In a typical Intrusion Detection Systems (IDS) the standard relational data mode is used to store remote audit feeds from various customers. Various DBMS tools are used to perform analysis; correlation and data visualization in support of

1) vulnerability assessment

2) identifying hacker and cyber warfare activity

3) forensic analysis and

4) policy determination

The basic components of a combined Intrusion Detection and Incident Management System (IDIMS) follows the generic architecture proposed for all IDS systems by Amoroso and considered as part of the Common Intrusion Detection Framework (CIDF), with the exception that informational response to Incident Tickets are seen as emergent from IDS audit logs.

Figure 1: Architecture for Incident and Intrusion Management

An Incident Ticket is generally opened due to a phone call or e-mail. In most cases, the Incident Ticket is opened due to human intervention. However, increasing technical capability provides automation to Incident Response in the form of algorithmic alarms.

After the Incident Ticket is opened a series of steps are recommended.

In the book "Incident Response" by van Wyk and Forno (2001, O’Reilly) the response cycle is composed of

Detection,

Assessment,

Damage control,

Damage reversal and

Lessons learned.

This composition is similar to other intrusion detection and incident response process models that break down the workflow. The processes are compartmentalized and responsibilities isolated

The workflow starts with a determination of the nature of information. In some cases the information comes in the form of a request for information. In other cases the information is sorted into categories and moved to other stations depending on the informational category. The process model is very much dependant on organizational structure in client communities.

The first phase of the SLIP technology design and development has been developed to provide an enterprise wide event detection capability where the input is any log file.

3: SLIP Warehouse Browser

The basic methods for intrusion detection is, and will continue to be, audit trail analysis and on the fly processing techniques. SLIP is best characterized as an audit trail process method (see Figure 2). The CylantSecure system developed by Dr. John Munson (University of Idaho) is an on-the-fly system (see Figure 3) that attempts to stop intrusions from occurring.

Figure 2: High-level depiction of audit trail processes method (from Amoroso. 1999)

Audit log data is gathered together to provide forensic evidence and to repair and otherwise limit the damage done during an intrusion. However, visualization software can be used to view patterns across an audit log containing tens of thousands or records. The SLIP is developed to complement and supplement this type of global analysis of events.

Figure 3: High-level depiction of on-the-fly processes method (from Amoroso. 1999)

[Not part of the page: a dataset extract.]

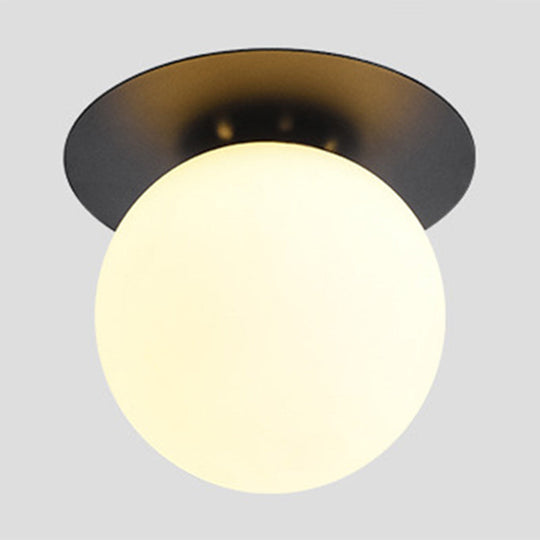 Globe-Shape Glass Ceiling Light: Modern 1-Bulb Flush-Mount For Dining Room Black / Milk White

The current SLIP Warehouse Browser has a simple nature. The technology is simplified to address only audit trail analysis and transforms on the data from a standard event log. The technology is also being applied to other task domains such as found in bio-informatics; in particular a long-standing BCNGroup project on the recognition of structural invariance in EEG analysis is re-surfacing. However, EEG analysis is considered far more difficult that intrusion log data.

The BCNGroup is a not for profit science foundation established in 1997 by Drs Edward Finn, Arthur Murray and Paul Prueitt.

4: Invariance analysis with SLIP

Aside from some EEG analysis, SLIP is currently applied to remote audit feed analysis for computer security purposes and to studies on linguistic functional load. Specifically, emergent computing and correlation techniques are applied to the records of an event log.

Computer security event log is often stored and maintained in a flat table having between 8 and 20 columns. Many of the event logs contain 50 or even 100 thousand records. Audit feed event logs may have a million records.

In the simplest terms we want to reveal the technical means that supports the Browser’s behaviors. The behavior is expressed through a state/gesture based scripting language and nested event loop controller. Our recent work has been on the development of a voice enabled gesture control system for manipulating and interacting with machine ontology. The control system is called a Knowledge Operating System or KOS.

SLIP organizes invariance in a data source into categories and suggests formal relationships between these categories. As the domain experts review these categories and their relationships, the expert may create annotations and even configure the relational linkage between categories in order to account for missing or conjectured information. The domain expert also has control over which data source is accepted as input.

Invariance is formally something that occurs more than one time. Clearly there are many scales of invariance and a lot of invariance in each scale. This is true even in the artificial world of Internet and financial transactions.

For example, ACSII letters each occur a lot, for example, and common patterns of ACSII characters allow for automated full text analysis. Internet search attests to the value of algorithmic analysis of words patterns in text.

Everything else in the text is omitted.